MINT-EC

Bits, Bytes und Bakterien: Systembiologie-Woche am MDC

Lässt sich das Leben von Mikroorganismen mathematisch beschreiben? Um Fragen wie diese geht es bei der MINT-Excellence-Akademie „Systembiologie“, die vom 6. bis 10. Februar 2017 am MDC stattfindet. 20 Schülerinnen und Schüler aus ganz Deutschland lernen im Labor und am Rechner, wie Wissenschaftler biologische Vorgänge modellieren.

An Laborbänken hantieren und komplexe Rechenmodelle ausprobieren: Bei der MINT-Excellence-Akademie „Systembiologie“ schlüpfen die teilnehmenden Schülerinnen und Schüler für ein paar Tage in die Rolle von Mathematikerinnen und Biologen. Die Systembiologie-Woche ist eine Veranstaltung des nationalen Excellence-Schulnetzwerks MINT-EC, zu dessen Mitgliedern auch das Max-Delbrück-Centrum für Molekulare Medizin in der Helmholtz-Gemeinschaft (MDC) gehört, und des Gläsernen Labors am MDC. Die Veranstaltung wird von der Joachim Herz Stiftung gefördert, die das Konzept entwickelt hat, und bietet ein umfassendes Programm: Vormittags geben Dozenten der Joachim Herz Stiftung Einblicke in die Theorie und erklären beispielsweise, wie sich Bakterienwachstum mathematisch modellieren lässt. Zusätzlich können sich die Schülerinnen und Schüler bei Experimenten im Gläsernen Labor praktisch erproben. An den Nachmittagen hospitieren sie in insgesamt zehn Laboren des Berlin Institute for Medical Systems Biology (BIMSB) am MDC, wo sie den Forschenden über die Schulter schauen können.

Zum Beispiel im Labor der Gruppe von Prof. Dr. Ana Pombo: „Ich habe den zwei Schülern, die bei uns waren, erklärt, was Stammzellen sind, wie man sie züchtet und lagert. Sie haben interessiert zugehört und viele Fragen gestellt. Ich glaube, es hat ihnen wirklich gut gefallen und sie konnten einiges mitnehmen“, berichtet Forscherin Dr. Marta Slimak-Mastrobuoni. Die Gäste waren nur 3,5 Stunden im Pombo-Labor, aber das Programm hatte es in sich. Die Schüler erhielten neben dem Stammzell-Schnellkurs eine Einführung in Bildgebung per Laser-Mikroskop, und erfuhren, wie Genome Architecture Mapping (GAM) funktioniert, eine neue Methode, um die dreidimensionale Struktur des Erbguts im Zellkern zu analysieren.
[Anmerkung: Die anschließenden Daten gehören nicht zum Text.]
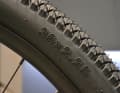 2.25 inch wide tyres are already considered narrow in cross-country sport. On a 36-inch bike, however, they look more like chunky road bike tyres, i.e. for gravel bikers.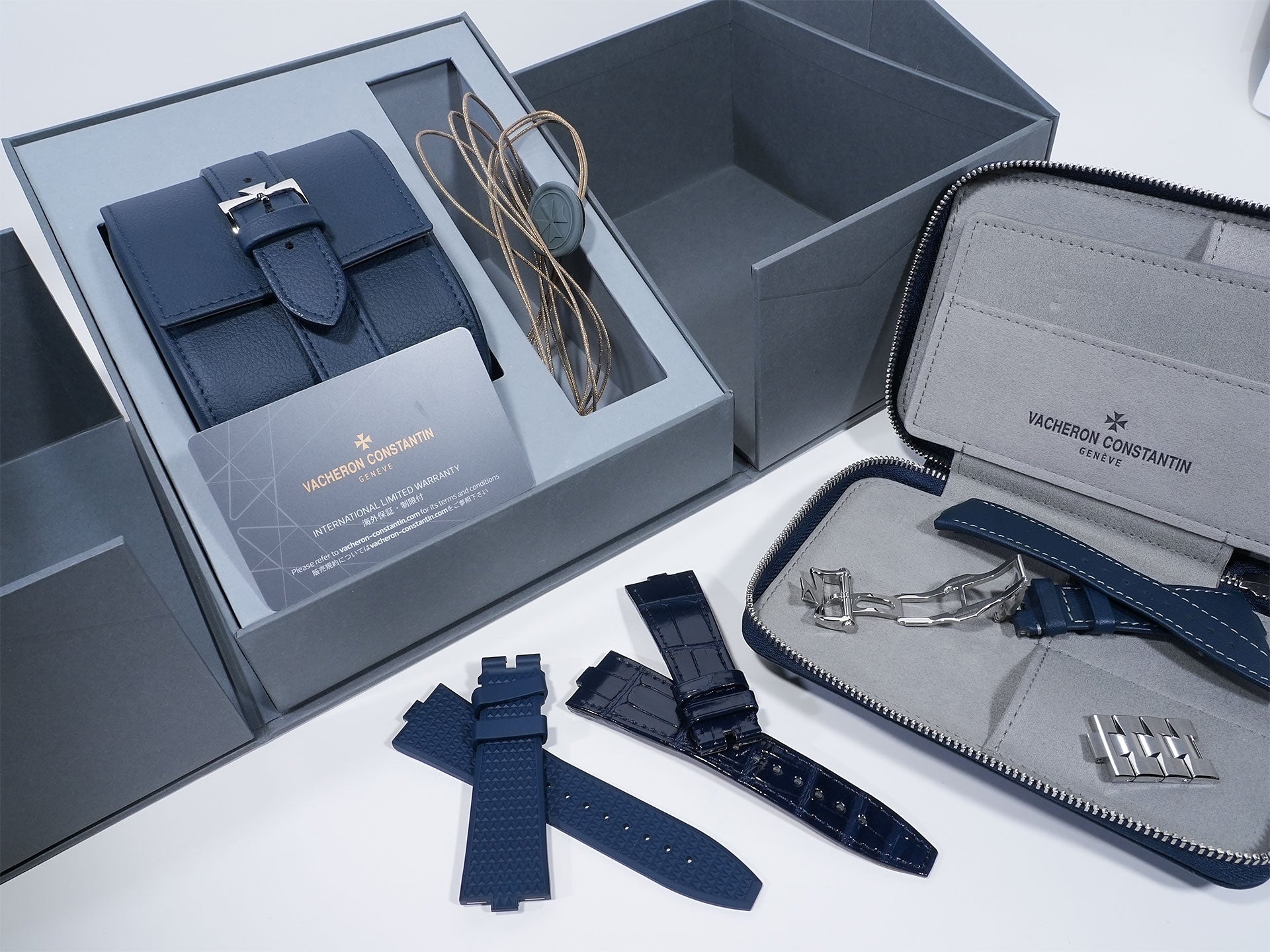 ヴァシュロンコンスタンタン オーヴァーシーズ オートマティック Ref.4520V/210A-B128 ステンレススチール ブルー文字盤 美品 sjoogbs2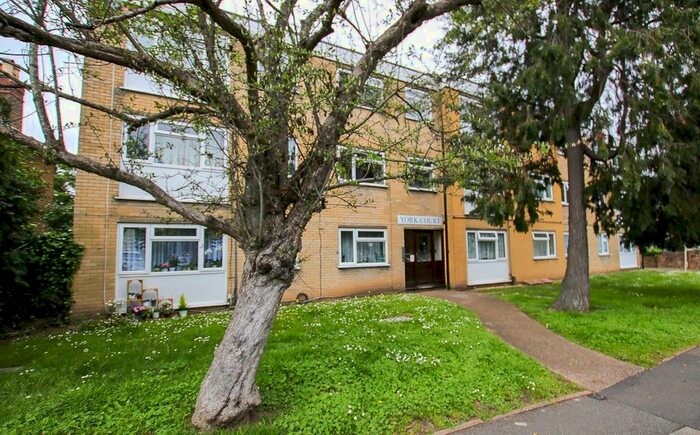 2 Bedroom Flat To Rent In Ross Road, Wallington, SM6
Anschließend beschäftigten sie sich mit der Gewinnung, Verarbeitung, Visualisierung und Auswertung von Sequenzierdaten aus dem Genom.

Abschluss und Höhepunkt der Systembiologie-Woche ist ein Mini-Symposium am Freitag, bei dem alle beteiligten Labore kurze Vorträge über ihre Arbeit halten und die Schüler ihre Experimente vom Gläsernen Labor vorstellen. Die Systembiologie-Woche ist bereits die zweite große Veranstaltung, die das MDC im Rahmen seines Engagements im MINT-EC-Netz organisiert; 2013 fand die erste MINT-Excellence-Akademie am MDC statt.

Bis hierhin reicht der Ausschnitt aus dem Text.